The RSNO and Conductor Laureate Neeme Järvi attracted a very large audience for Friday’s concert in the Usher Hall, Edinburgh. The vigorous applause welcoming Järvi to the rostrum suggested that it was the conductor himself who had drawn in the crowds as much as the repertoire, which was to cover Dvořák's Serenade for Strings and Shostakovich’s Symphony No. 7 (Leningrad).

© RSNO
© RSNO

The choice of programme was interesting: two works very different in their scoring, composition and nature. The Serenade was written in 12 days in 1875, a very happy time for Dvořák, who was recently married and soon to compose his joyous F major symphony. The thirty-minute work seems eternally positive, showing only occasional dabbles with gentle melancholy, such as in the Waltz. The ternary (A-B-A) form of four of the five movements, suggestive of symphony’s third, maintains a solid and subtly reassuring grip on the principal themes of the work.

The RSNO strings were set out very extensively for the evening, and it was surprising to see the full section turn out for the Dvořák, a work usually played by far fewer than the 60 players present here. However, at no point did the music threaten to become heavy. It retained delicacy of touch throughout and was delightfully playful in the scherzo and allegro, with the ‘sunny lyricism’ offered by the programme note wholly delivered. Järvi drove much of the piece reasonably briskly, which perhaps aided the light-heartedness. A smaller orchestra might have allowed for slightly greater tempo variation, but this was a very pleasing performance which probably helped to relax the audience, ready for the extremes of the Shostakovich to come.
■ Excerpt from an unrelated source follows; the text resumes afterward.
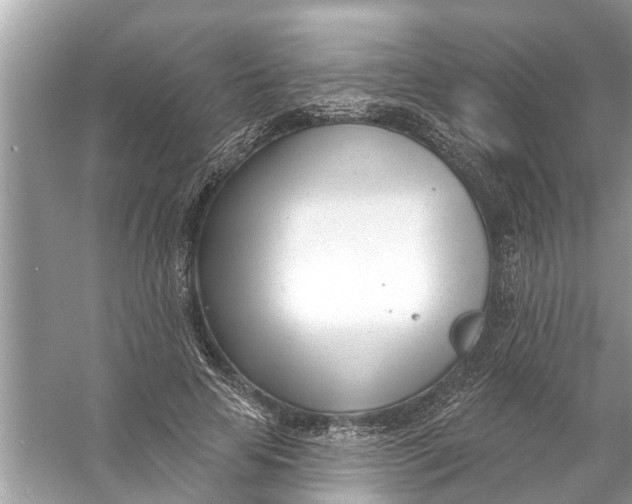 X0000056010641200509162345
Shostakovich’s Leningrad symphony is his longest, with performances usually taking around 80 minutes. It was composed in circumstances very different to those enjoyed by Dvořák in the time of his Serenade. Officially, it was said to have been composed in response to the German invasion of the Soviet Union in June 1941, and completed in December of the same year. This seems fairly unlikely, however, and the widely accepted view is now that the composer had conceived at least the principal ideas of the symphony before invasion. The piece is therefore taken to be about fascism and tyranny in general, rather than Nazism specifically. Either way, it is certainly not the trouble-free pleasure music of the Serenade. It is scored for a very large orchestra; in addition to the 60 strings were 19 brass players, 13 woodwind, 8 percussion, two harps and a piano.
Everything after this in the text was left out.